> [Exercise directions]:
All of the data that follows should be given again exactly, without its images.

> [Source data]:

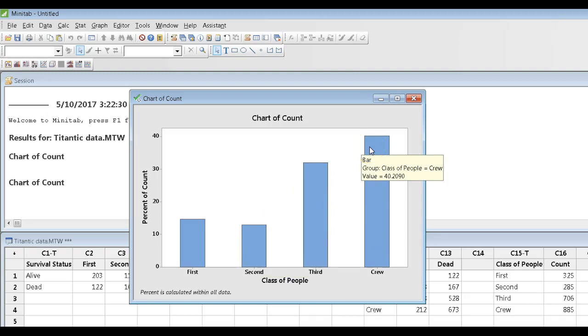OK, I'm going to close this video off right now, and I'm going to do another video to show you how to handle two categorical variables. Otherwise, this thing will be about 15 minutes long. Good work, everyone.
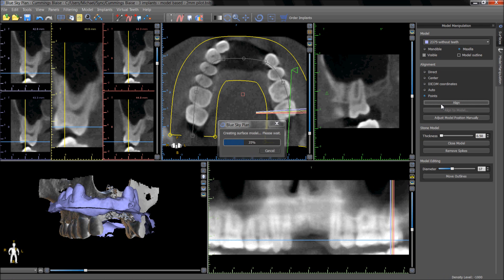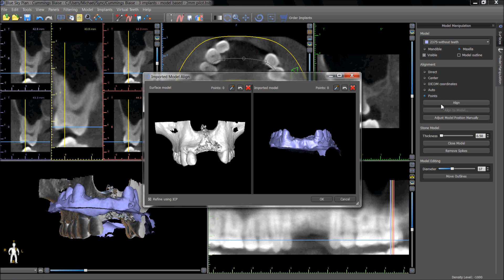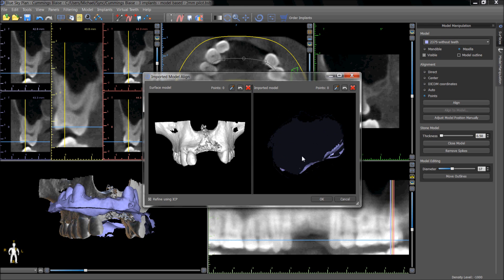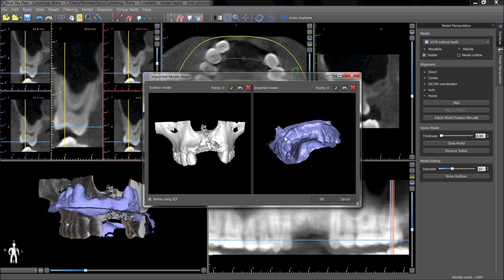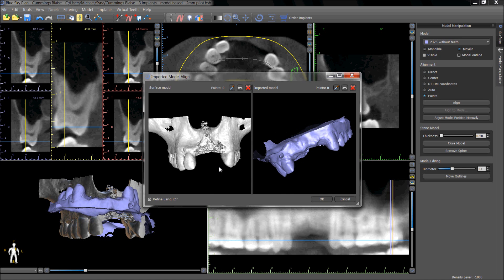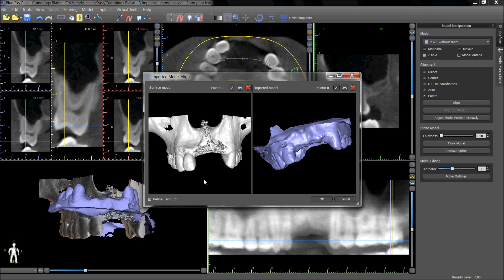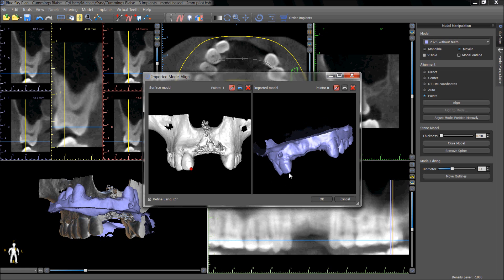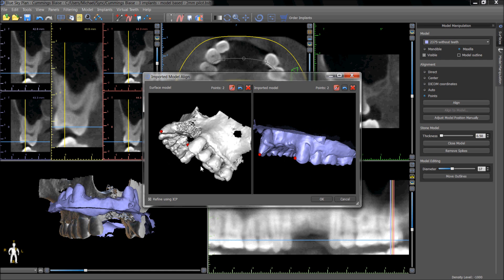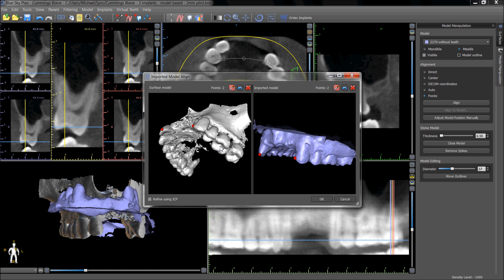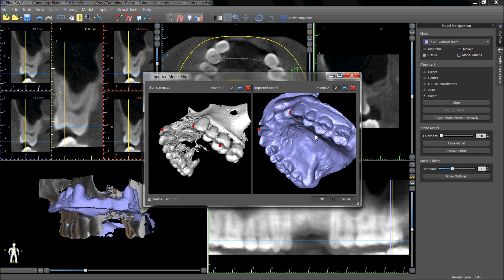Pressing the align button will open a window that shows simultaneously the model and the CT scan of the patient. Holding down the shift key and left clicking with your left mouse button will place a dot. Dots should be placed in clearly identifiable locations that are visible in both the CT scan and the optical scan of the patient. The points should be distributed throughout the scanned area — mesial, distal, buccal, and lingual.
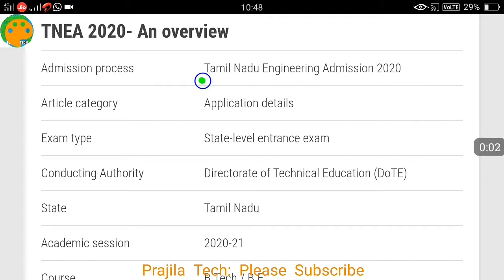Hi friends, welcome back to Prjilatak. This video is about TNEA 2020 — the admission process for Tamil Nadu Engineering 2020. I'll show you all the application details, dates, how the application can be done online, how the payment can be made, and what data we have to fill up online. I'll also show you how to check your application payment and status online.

> [Problem solution]:
OK, I'm going to close this video off right now, and I'm going to do another video to show you how to handle two categorical variables. Otherwise, this thing will be about 15 minutes long. Good work, everyone.
Pressing the align button will open a window that shows simultaneously the model and the CT scan of the patient. Holding down the shift key and left clicking with your left mouse button will place a dot. Dots should be placed in clearly identifiable locations that are visible in both the CT scan and the optical scan of the patient. The points should be distributed throughout the scanned area — mesial, distal, buccal, and lingual.
Hi friends, welcome back to Prjilatak. This video is about TNEA 2020 — the admission process for Tamil Nadu Engineering 2020. I'll show you all the application details, dates, how the application can be done online, how the payment can be made, and what data we have to fill up online. I'll also show you how to check your application payment and status online.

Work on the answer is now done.